Yeah--I’m willing to. I didn’t share the book with him a lot directly in terms of reading or anything like that. I think I had sort of described the situation of my making it and how that related to something like the movie A Star is Born coming out--I think me and him watched the Golden Globes together, actually. Which was a bit stressful, but fun. But just, these whole concepts of what we think about movies and celebrities, I get a lot from conversations with him. Like, we talk a lot about movies and people and celebrities and how they’re all related or not. These more subtle details, of what we think someone is or isn’t trying to do with their career. Or the ulterior motives of what someone’s performance in a movie actually is, in terms of their real life. It’s just something we chat about constantly, and like--it’s just this big well of knowledge that I developed by hanging out with him and talking to him. 

And he was also sort of present for our bizarre excursion to Las Vegas--my first bizarre excursion to Las Vegas, where we just sort of strolled around and observed people. And like, you know--we were able to share in all the humor and bizarre interest that that held. 

Yeah, that makes sense. Well, I’m trying to think [shifting subjects] …

 I did see Joker [following up on Connor’s suggestion], so I suppose that might be worth getting into a little bit.

[Connor laughing]: Okay, why not! 

The Universe of Batman

Yeah, so you saw it, and you were talking about… I feel like all there is, most of the meat is in the performance.

Yeah, I’d agree with that.

I was kind of impressed with how sort of shrewdly, and how kind of mercenary it was about signaling connections with contemporary politics but not actually having any sense of stakes to them. In this way that was perfectly legible, kind of subjectively legible to let any viewer congratulate themselves for their views.

I remember there was a scene where he’s on the bed or something. And the camera’s sort of panning over from the bed and there’s a newspaper on the floor? And a headline says, uh… “Kill the rich, question-mark?” 

[both laugh]

Yeah, and they have this whole Thomas Wayne thing, where he’s this kind of rich TV billionaire and there are literally protest signs that say “Resist?”

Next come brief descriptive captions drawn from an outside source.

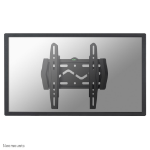 Neomounts LED-W120 TV-beugel wand 22-40" - ultra-vlak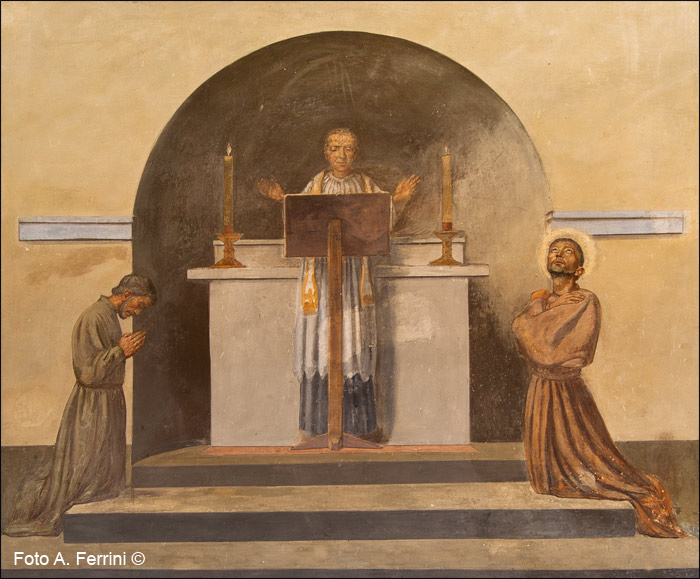 Apostolato San Francesco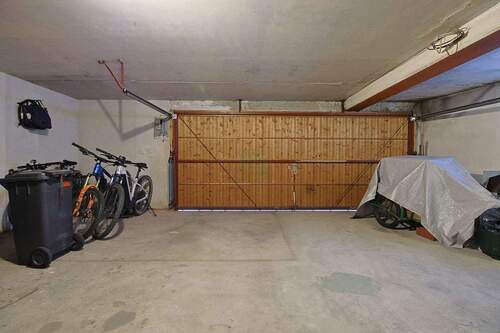 Stadthaus Hirschau Garage - 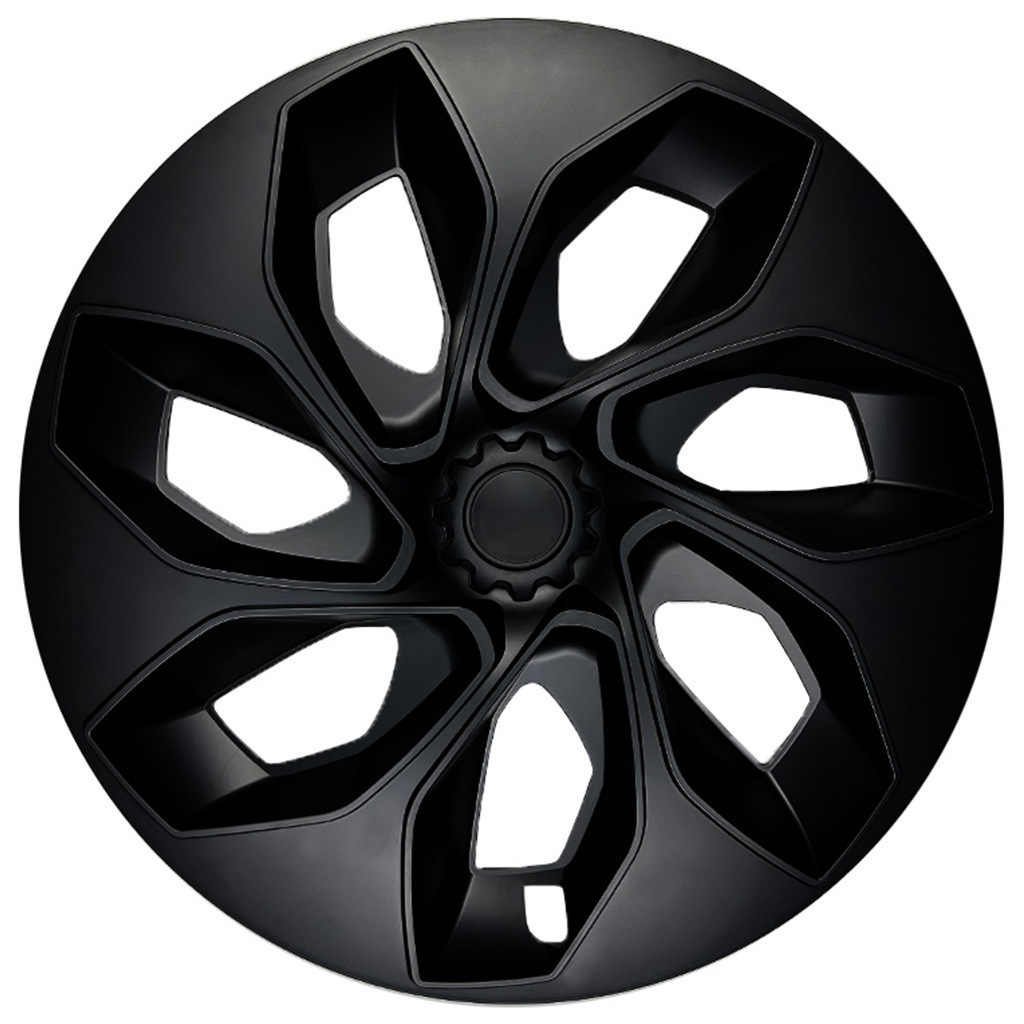 19-inch Steel Rim Cover Tire Cap Modified Wheel Hub Cover photo 2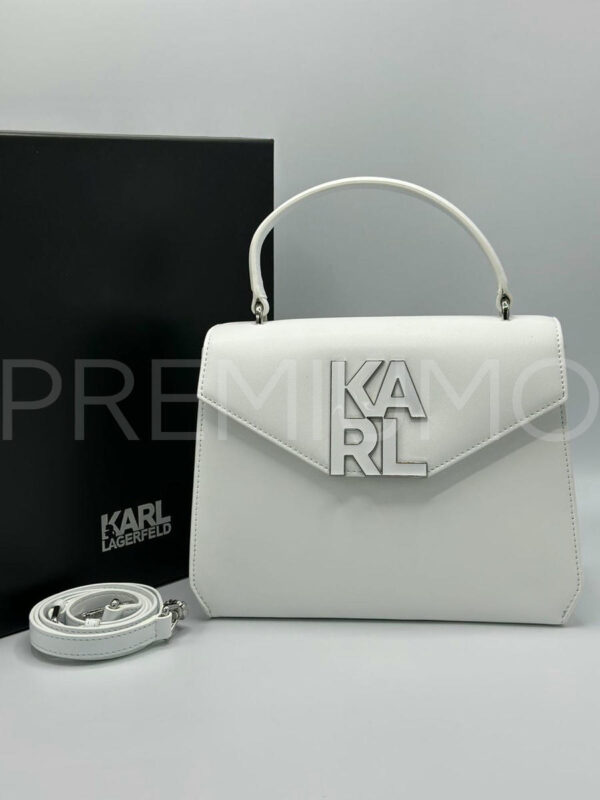 Karl Lagerfeld сумка PR192659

Yeah, it’s funny because it’s not, like, a remarkable premise or a remarkable way to display that premise--but I think what feels sort of naughty about it is that it’s, like, the universe of Batman, a corporate property, you know? Like, oh my god, Batman’s dad is, like, a fuckhead, you know? That feels so revolutionary to someone deeply invested in that intellectual property.

Yeah, to question Batman’s virtue or his family’s virtue.

His, like, inherited virtue--because in all the other movies they sort of bend over backwards to show [the Waynes] like, donating money, or… if they have, like, military-grade weapons, they’ve somehow acquired them very reluctantly. Like, it’s almost an accident they’ve developed, like, tanks and that kind of thing.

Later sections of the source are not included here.